O Estado de S. Paulo
Não há votos para as soluções colocadas e não há outras para substituí-las
A verdade nua e crua é que o plenário do Supremo Tribunal Federal
decidiu adiar a decisão sobre regras para as alegações finais de réus
delatados por um único motivo: um impasse. Não há votos para as soluções
colocadas e não há outras para substituí-las.

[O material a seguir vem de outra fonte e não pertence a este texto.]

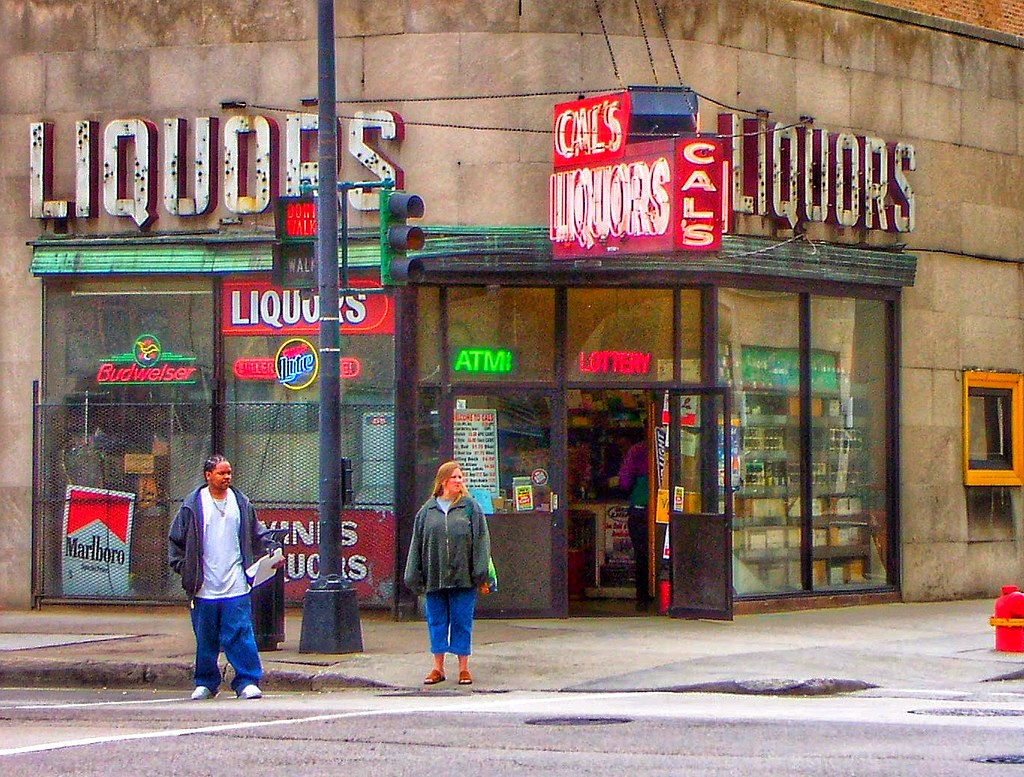 Chicago Illinois Cal's Liquors Printers Row District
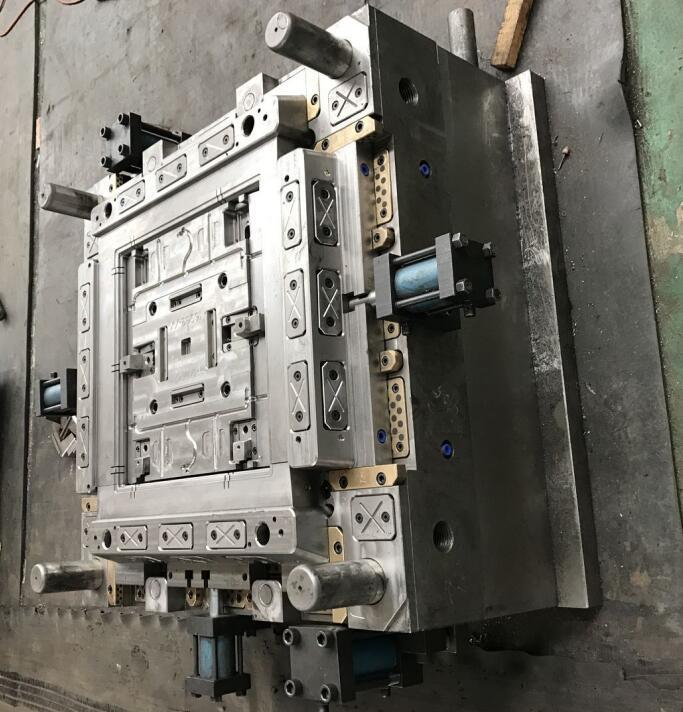 汽车模具 (3)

Mais ou menos como o Reino Unido se meteu numa enrascada ao decidir pelo
Brexit sem ter articulado as regras para a saída da União Europeia, os
ministros se meteram também numa grande confusão ao diferenciar o réu
delatado do réu delator, definir que o delatado tem a última palavra e
criar mais uma interrogação sobre a extensão da decisão e sobre o futuro
da Lava Jato.
O presidente da Corte, Dias Toffoli, tentou articular uma solução mista
para reduzir o impacto, juntando duas regras: a primeira é a de que só
terá direito à anulação de sentença o delatado que tiver reclamado desde
a primeira instância para falar por último; a segunda é a de que haja
comprovação de “prejuízo” do réu com a manifestação final do delator.

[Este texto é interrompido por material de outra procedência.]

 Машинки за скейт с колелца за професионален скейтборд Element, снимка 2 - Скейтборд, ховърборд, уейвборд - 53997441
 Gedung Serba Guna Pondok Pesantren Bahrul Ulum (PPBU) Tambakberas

As duas regras são altamente polêmicas. A proposta de Toffoli faz o
oposto do que o habitual, garantindo direito retroativo, não daqui para a
frente, porque só atinge quem, lá atrás, ainda na primeira instância,
pediu direito para falar por último. Isso cria dois réus. Um é
beneficiado porque pediu o direito antes da decisão do STF e o outro,
não. Os dois têm a mesma situação, mas um se lasca e o outro se dá bem.
A outra regra proposta é igualmente complicada: haver ou não “prejuízo”

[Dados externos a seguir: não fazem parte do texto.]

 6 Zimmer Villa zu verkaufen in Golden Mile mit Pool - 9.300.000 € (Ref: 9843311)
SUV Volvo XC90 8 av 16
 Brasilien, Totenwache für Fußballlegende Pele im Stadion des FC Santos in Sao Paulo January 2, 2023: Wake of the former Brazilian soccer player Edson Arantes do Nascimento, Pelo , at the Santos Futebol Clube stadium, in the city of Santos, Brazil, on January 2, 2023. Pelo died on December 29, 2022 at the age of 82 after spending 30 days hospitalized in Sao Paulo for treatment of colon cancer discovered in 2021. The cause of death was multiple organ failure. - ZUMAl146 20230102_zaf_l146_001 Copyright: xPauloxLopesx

para o réu carrega uma altíssima dose de subjetividade e acarretaria uma
onda de recursos e pedidos de habeas corpus. [só a análise de que houve ou não prejuízo, e se houve definir qual o prejuízo havido, ensejará vários recursos o bastante para emperrar mais ainda o andamento do processo e favorecer criminosos com eventual prescrição - no Brasil, após a 'constituição cidadã' se judicializa até pensamentos, imagine definir situações não previstas em lei e com um Supremo que pela manhã pode tomar uma decisão e no inicio da noite mudar tudo.]
Diante da falta de uma saída, ou solução, a decisão foi adiada
novamente, de hoje para a próxima semana. Assim como no Brexit, não há
modelos razoáveis para “modular” a decisão que foi tomada antes pela
Segunda Turma e, agora, é endossada pelo plenário por 7 votos a 4.